Justice Anita Earls, who was a Democratic civil rights attorney before her election to the bench, suggested that the state constitution’s equal protection clause should protect people on the basis of party affiliation much as it protects people on the basis of race.
If that standard were applied here, the new maps would have to be shredded, as the equal protection clause would expressly forbid lawmakers from diluting voting power by dividing people from one party into districts where their candidates can’t win.
In answer to one question, Stanton Jones, an attorney for another group of map challengers, boiled his case down to a single sentence.
“It is fundamentally unfair for legislators to rig the maps, to dilute the electoral influence and voting power of North Carolina voters,” he said.
This prompted a tart response from Chief Justice Paul Newby, a Republican, who noted that while the state constitution guarantees free elections, it says nothing about fair elections.
Newby also questioned the statistical basis used to “determine” how a given district might vote based on past election results.
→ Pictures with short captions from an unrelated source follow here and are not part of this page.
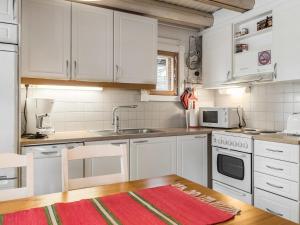 アカスロンポロにあるHoliday Home Riekonmarja by Interhomeの白いキャビネットと木製テーブル付きのキッチン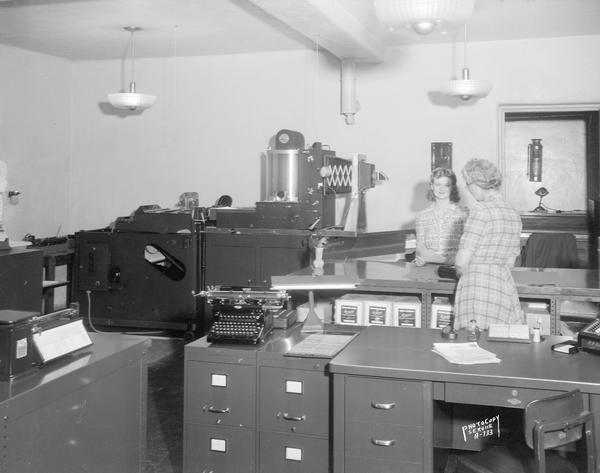 Dane County Court House office, 207 West Main Street, showing two women working at a Duplex Rectigraph machine.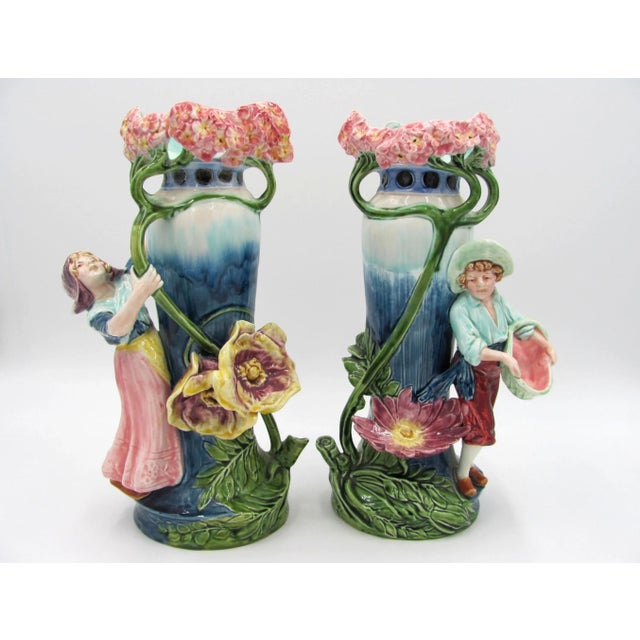 Circa 1900, multi-colored glaze of children in a forest, with impressed 'TC' mark on the sides at the base, and model...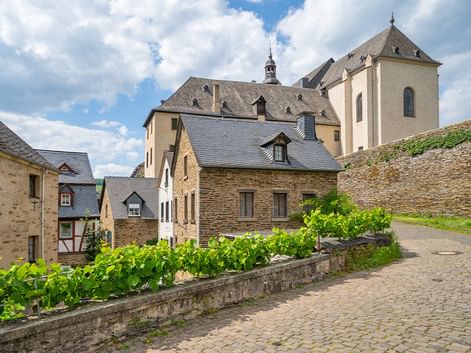 Kopfsteinpflasterstraße mit Weinreben, die zu traditionellen Steinhäusern und einer Kirche mit Turm an der Mosel führt, unter bewölktem Himmel.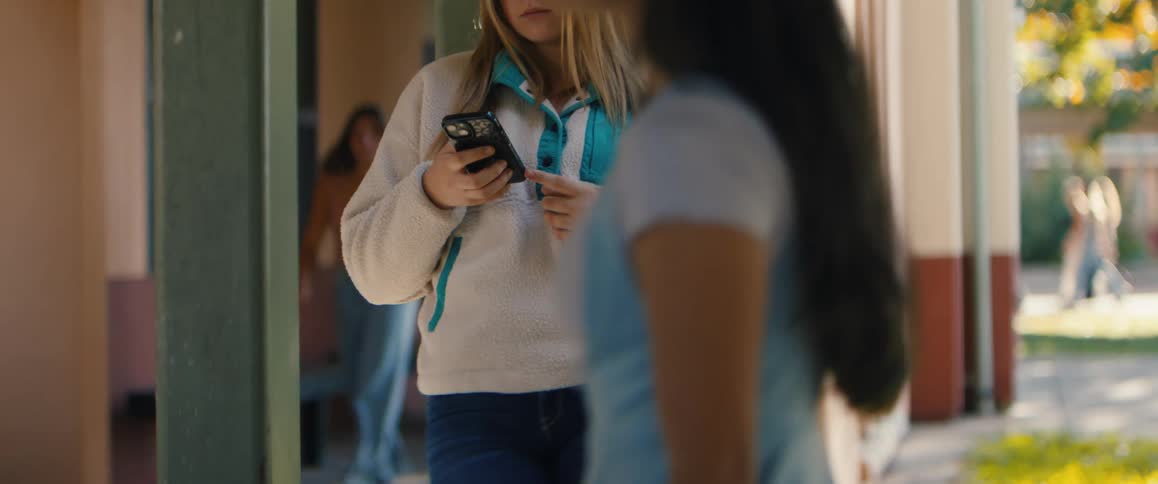 A medium shot of a young woman standing outdoors in a beige fleece pullover with a teal collar scrolling on her black smartphone as people walk past in the background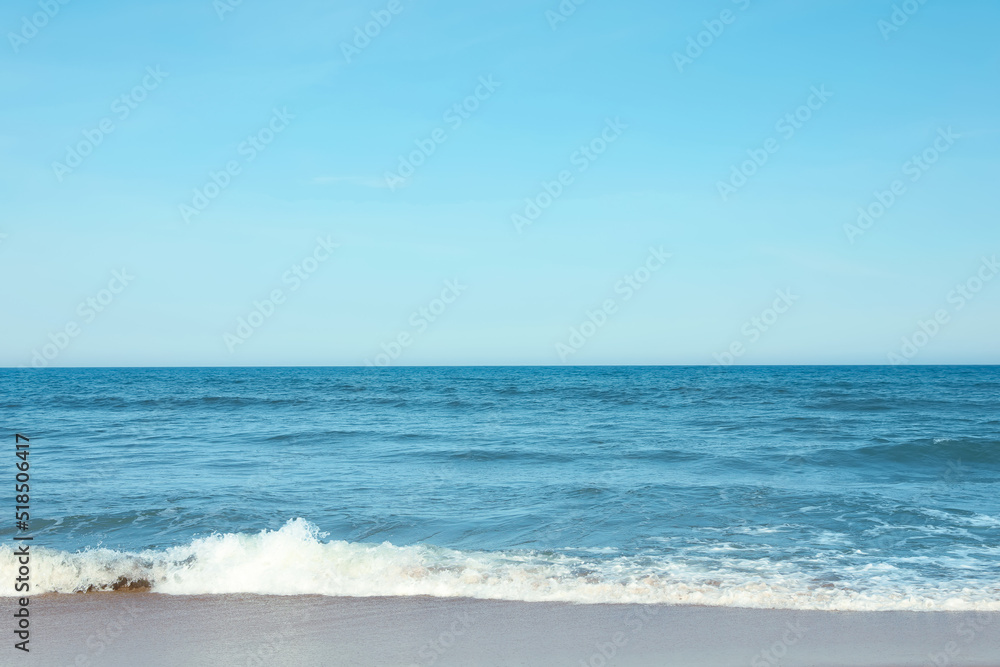 Picturesque view of beautiful sea and blue sky on sunny day
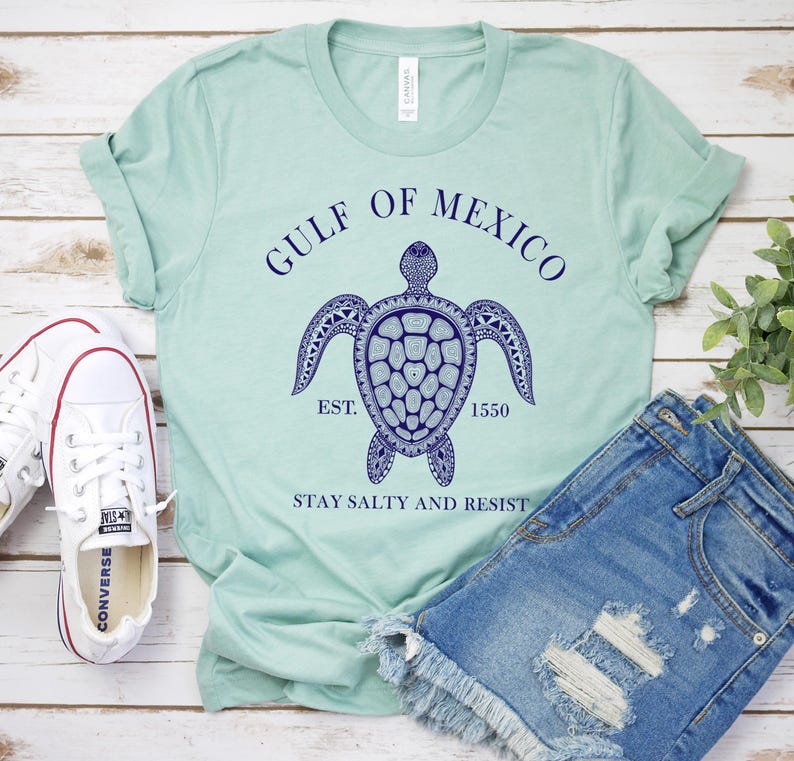Puede incluir: Una camiseta verde claro con un dise&ntilde;o de tortuga marina azul marino y el texto "GULF OF MEXICO" y "STAY SALTY AND RESIST". La camiseta se combina con pantalones cortos de mezclilla y zapatillas blancas.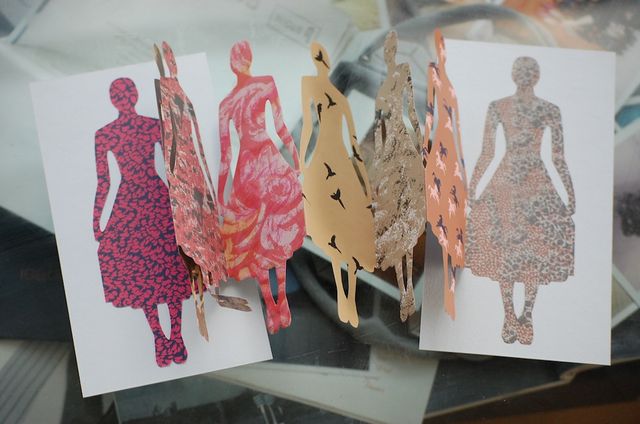 Photo of one of those chain cut outs, with the cut outs being in the shape of a woman holding her skirt out. Each fold is a different print.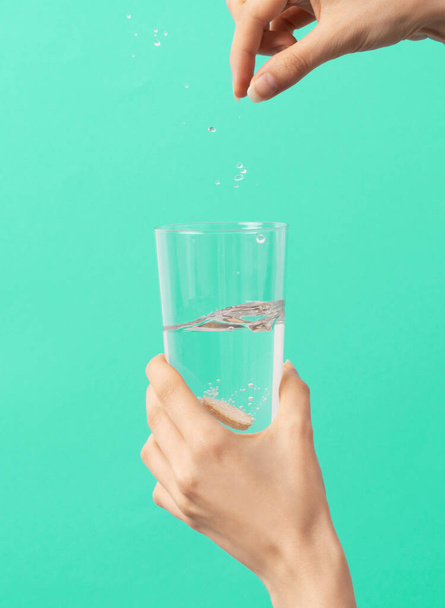 egy női kéz egy pezsgőtablettát dob a kék hátterű pohár vízbe - Fotó, kép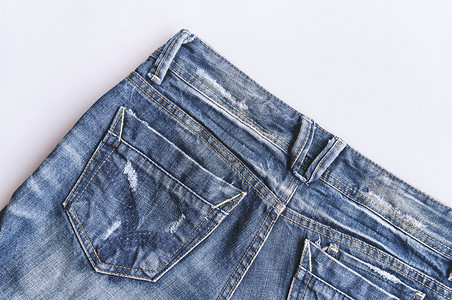服饰时髦尚戴尼姆蓝牛仔裤纹身的背面口袋缝合背景图片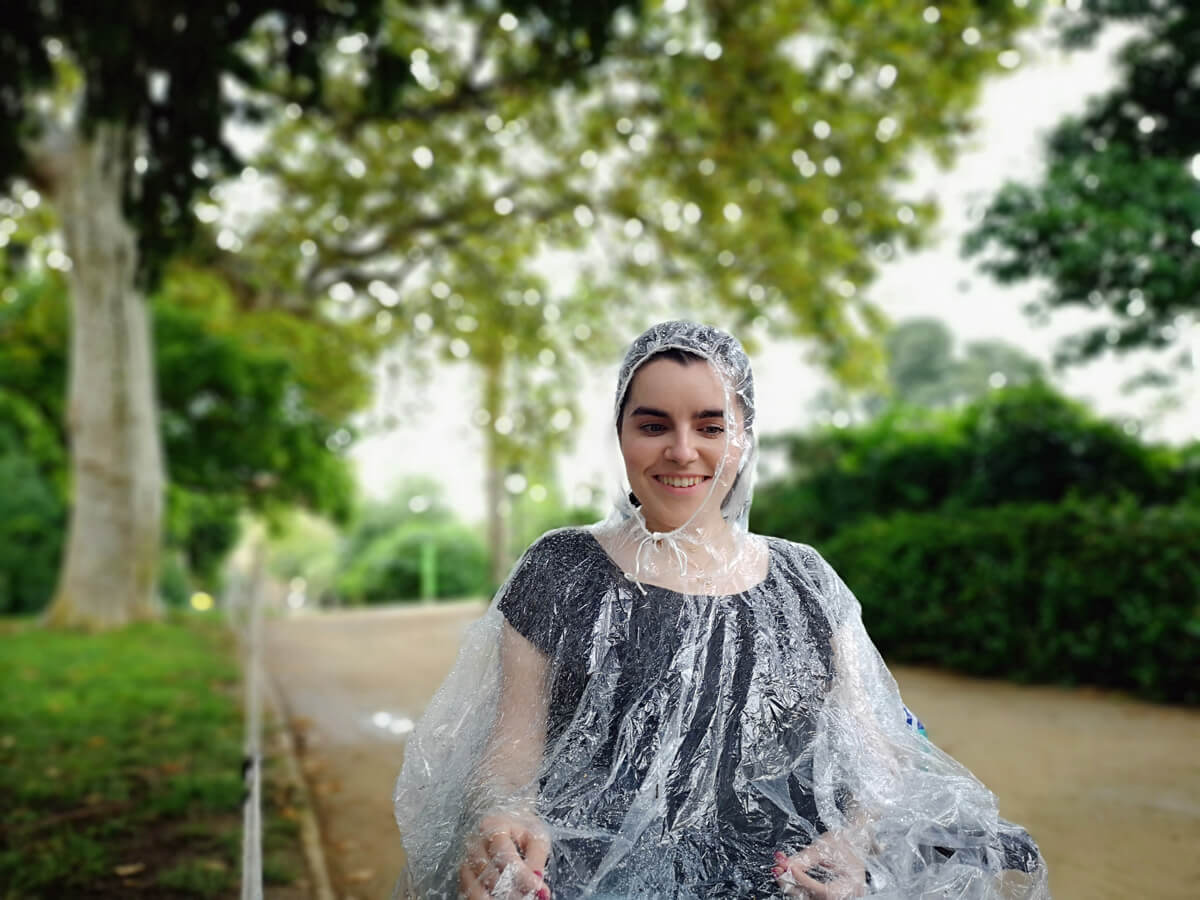 Emma is wearing a poncho while sheltering under trees in Parc de la Ciutadella during a thunderstorm.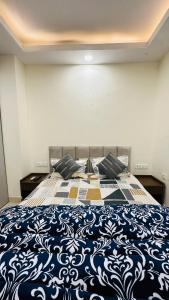 a bedroom with a blue and white bed with pillows at Luxe Homes 1Bhk Luxury AirB&B Flat in Mohali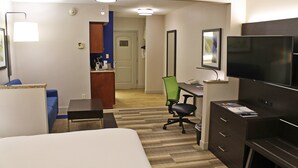 A hotel room with a bed, desk, chair, TV, and a small kitchenette area.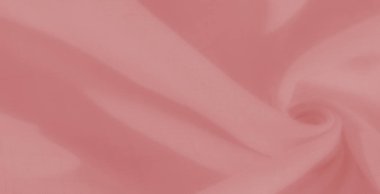 Yumuşak kıvrımlı bulanık pembe kumaş yumuşak bir şekilde akar, rüya gibi ve romantik bir zemin oluşturur, tekstil sanatı veya yaratıcı kompozisyon için mükemmeldir.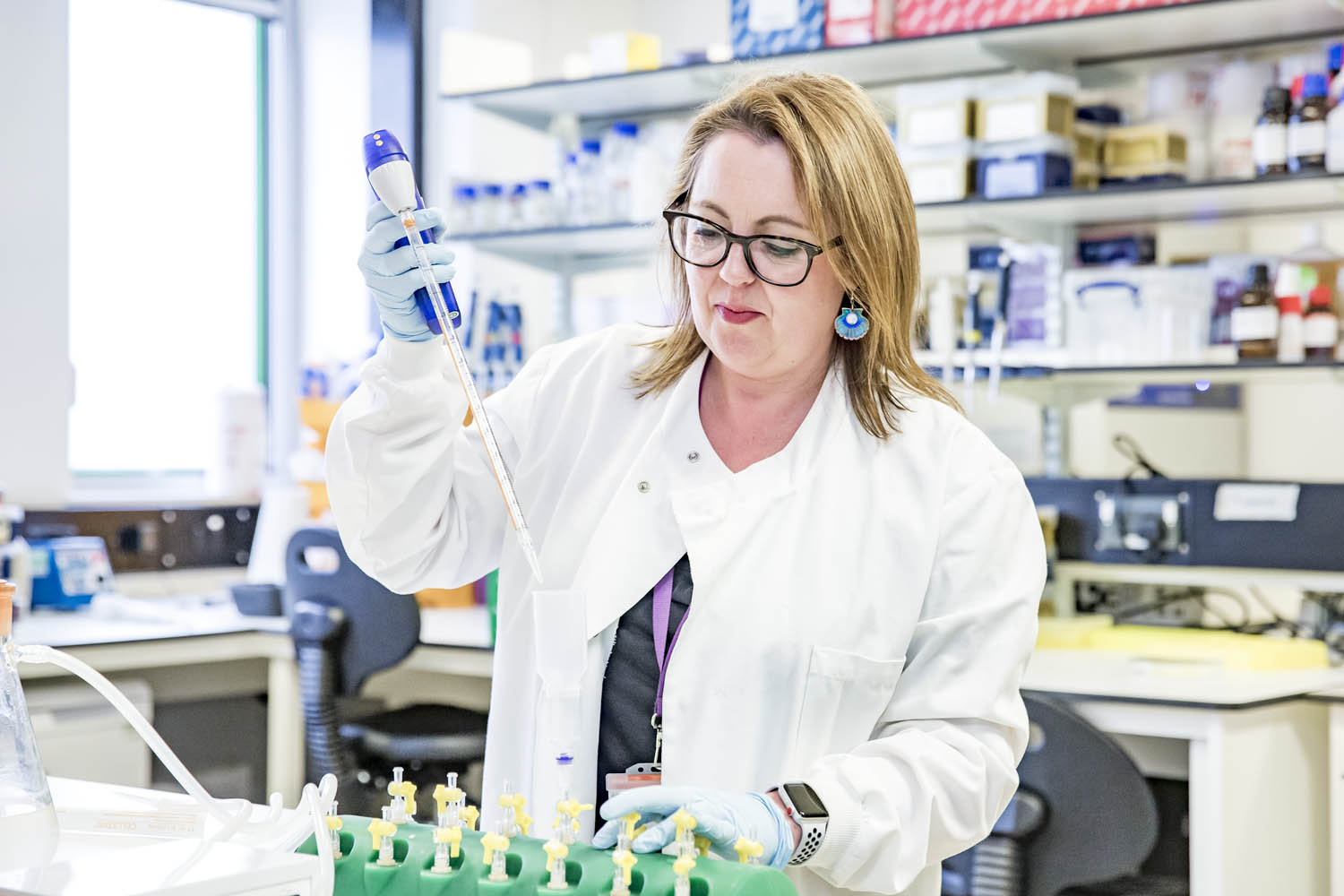 Researcher Amanda Carr in laboratory with syringe 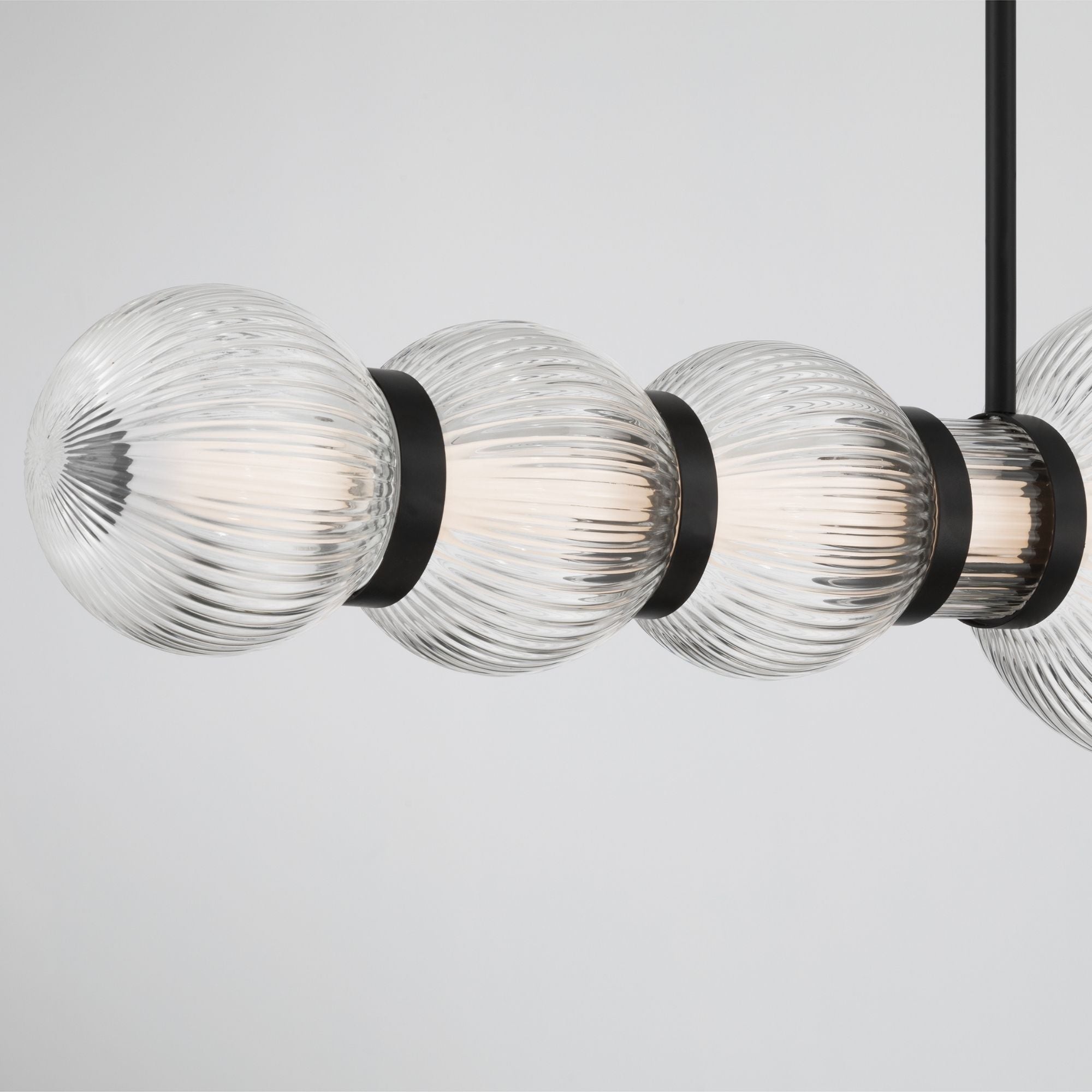 Minka-Lavery Cordel 50.25 in. LED Linear Chandelier, Dark Matte Black with Clear Ribbed Glass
To Newby, it seemed, the arguments against the maps stripped the voter of his or her humanity, assuming they’ll vote for Republicans or Democrats simply because that’s how they are registered.
According to the chief justice, this reasoning ignored the fact there could be many other reasons a voter might pick a particular candidate as their preference.
If the plaintiffs want the maps overturned, he said, “the court has got to have a clear standard that we can give the general assembly … otherwise, we’re simply making it up.”
The court adjourned after about an hour and a half of oral arguments, but didn’t give any indication of when they’ll hand down their decision.
Following the hearing, the National Redistricting Foundation, which is supporting the North Carolina voters who joined in filing the case in November 2021, issued a statement in which it said, “The North Carolina Supreme Court now has everything it needs to definitively strike down the state’s new congressional and state legislative district maps as extreme partisan gerrymanders that violate the state constitution.”
Issued under the name of Marina Jenkins, director of litigation and policy for the NRF, the statement went on, “North Carolina is a highly competitive state, yet Republicans attempted to pack and crack their way into unchecked power by diminishing the votes of the state’s most populous and diverse communities.
“That simply does not comport with the constitutional protections provided to North Carolina voters. We look forward to hearing a final decision from the Supreme Court soon,” Jenkins said.